Blair Mowat understands what scares us. Realising he wanted to become a composer as a teenager he studied music and conducted orchestras at university, eventually receiving an MA. His conducting became a major part of gaining the skills needed to write for film and television and he would go on to produce and arrange scores for various productions including Ghost Stories for Christmas and Doctor Who for the BBC. Currently splitting his time between London, Los Angeles and Edinburgh, his most recent horror score for Doctor Jekyll specifically delves into those university days experimenting with techniques such as serialism, often reserved for the concert hall. Blair recently joined me to discuss his work and what makes a great horror score.


Looking at your experience with scoring horror, what have been your main influences as a composer? Your music feels diverse; a touch of Philip Glass here, a hint of Tim Burton there… even the likes of Max Richter (“Thursday” is beautiful — reminded me of The Blue Notebooks).


For me, it all starts with the director. What do they want to say with the film? What do we need to support or enhance in the picture? When I work with Mark Gatiss, he usually comes to me with a concept, an idea, or a piece of existing music to draw some inspiration from. When working with Joe Stephenson on Doctor Jekyll, at first, we were looking at a more serious tone but then he realised we needed to be bigger and bolder; a bit off-the-wall and melodramatic. So, the music ended up being this epic, gothic, almost operatic score! It’s funny you mention Philip Glass as I met him when I was 14. I saw him play piano at the Edinburgh Film Festival and he was a very early influence on me, so clearly it’s still there somewhere in my work if you heard it!

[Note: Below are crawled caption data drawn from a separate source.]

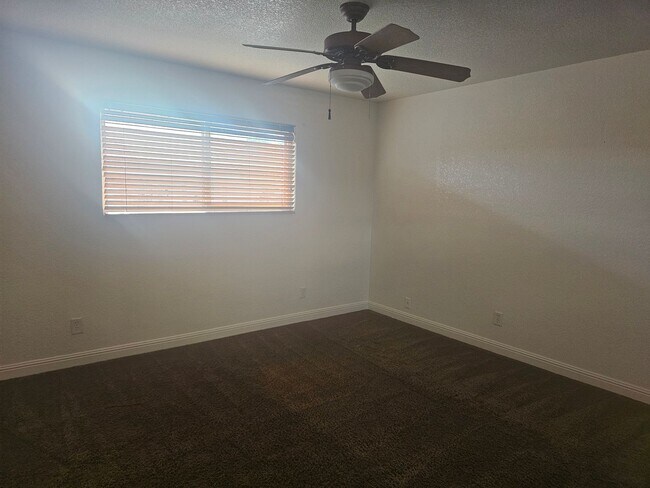 Building Photo - Unfurnished Long Term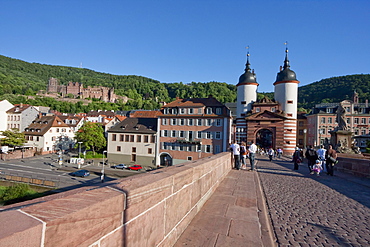 Gate of the Carl-Theodor-BrâˆšÂºcke (Old Bridge) over the Neckar River, Heidelberg, Baden-WâˆšÂºrttemberg, Germany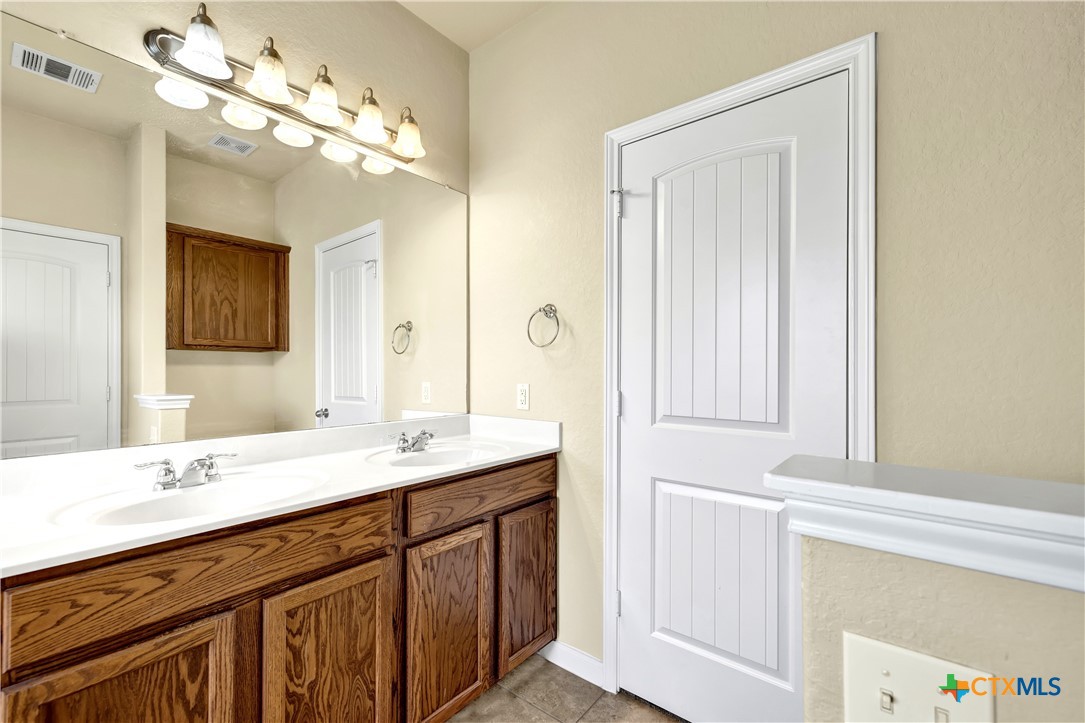 1048 Lilac Wind Property Photo 16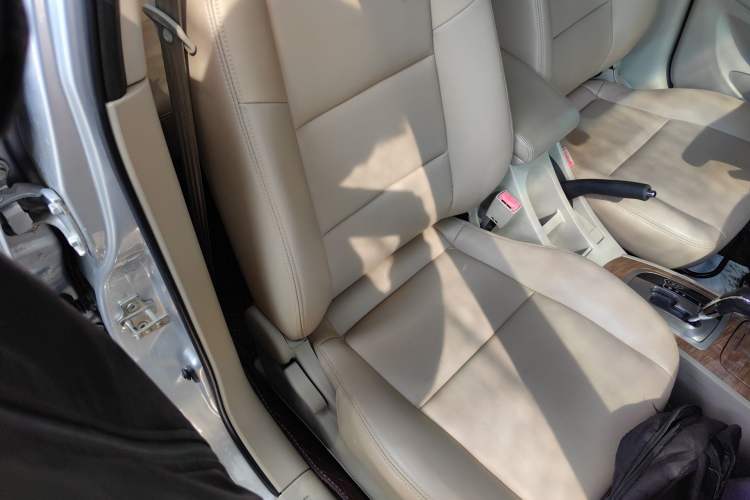 Used Buick Excelle 2015 1.5L Automatic Classic Model
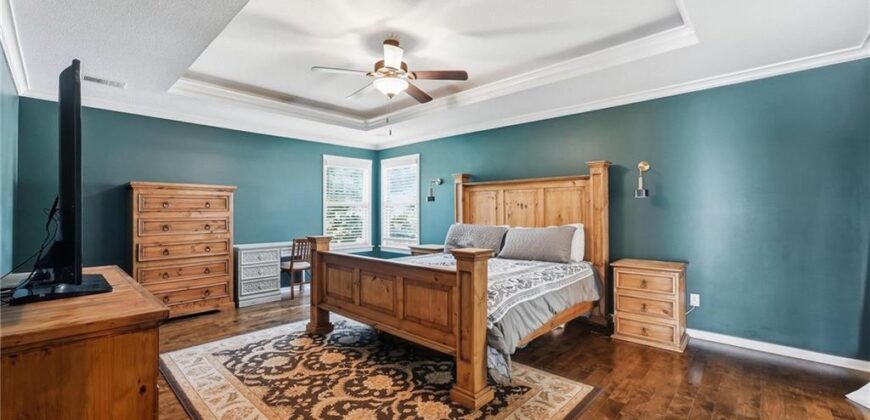 9012 N Oxford Avenue, Kansas City, MO 64157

Aside from the story, how do you find your sound… the way in? Some scores are very classical then others lend themselves to a more modern sound such as synthwave/electronica? How important is this flexibility?

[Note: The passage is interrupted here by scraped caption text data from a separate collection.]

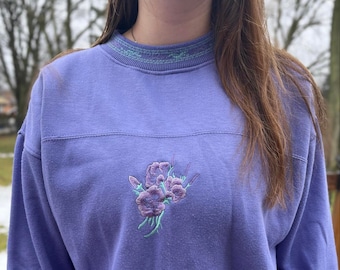Women's Vintage LADY FOOTLOCKER Purple Sweatshirt with Floral Embroidery Size Large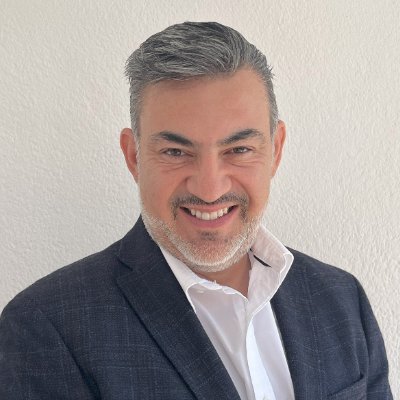 Ayudo a la gente en tomar las mejores decisiones en tecnología | Mexicano abriendo nuevos caminos en España | Basado en Madrid | Negocios en confianza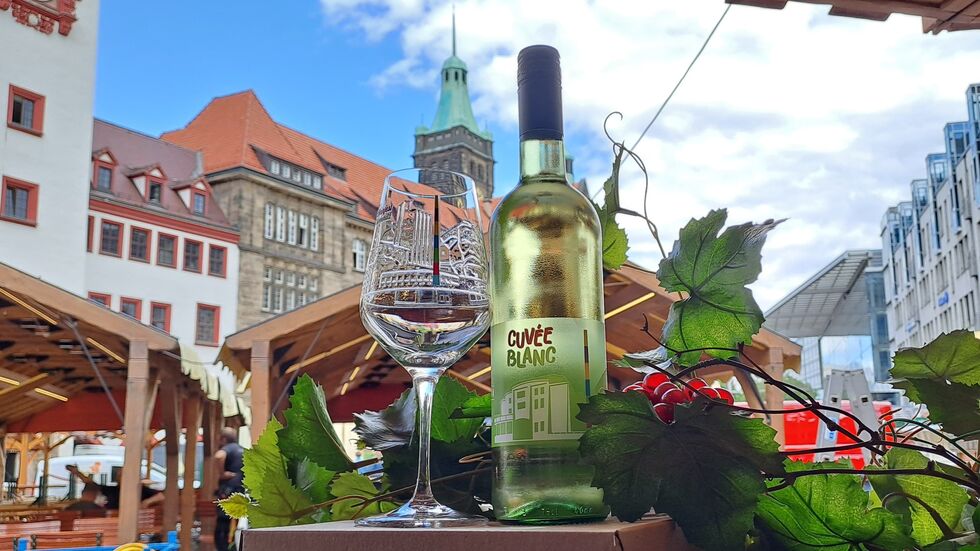 Wein - weil keine große Geschichte mit Salat begonnen hat. Wie wahr! Das Weinfest, das am Freitag in der Innenstadt eröffnet wird, ist diesmal größer als in den Vorjahren.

For me, I need to be constantly writing for different styles and instruments — I need that intellectual stimulation and variety to keep me going. Some composers have amazing careers working in one style and that’s totally fine, but, personally, I just think it would drive me a bit mad. I’m constantly trying to reinvent myself with each score. Of course, that’s not always possible but in trying to do so, you get mini breakthroughs. You can see it in the work of other composers like Hans Zimmer — Interstellar one of those films where he went off and clearly said to himself “How can we approach this from a slightly different angle?” I think there are limits where I might say no to a certain style of score, but I’d better not say what or someone might find this quote in ten years and throw it back in my face!


What do you feel makes a good horror score?

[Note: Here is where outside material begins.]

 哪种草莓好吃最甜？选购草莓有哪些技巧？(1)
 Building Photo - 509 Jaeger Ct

I think horror can be many different things — I don’t think it’s the same for each score. Is it a jump scare film? Is it a slow creepy psychological horror? Is it a pastiche of an existing type of horror film or is it trying to redefine the genre in some way? Do the performances need some extra support? Is it epic or is it intimate? All these questions come into play. I will say though: in horror, when not to have music is just as important as when to have music. There’s that classic thing of if you lead the audience too much then the scares don’t land… silence often works better up until the moment the scare happens, then you can really let loose. I also, personally, find the ‘texture’ of any piece of music really important, and horror forces you to think about that a lot. Not every moment can rely on a strong sense of melody and harmony and horror often explores extremities… and I think that’s something we’re very attracted to as composers: being giving permission to see how far we can push something musically.


Any favourite horror scores you often go back to?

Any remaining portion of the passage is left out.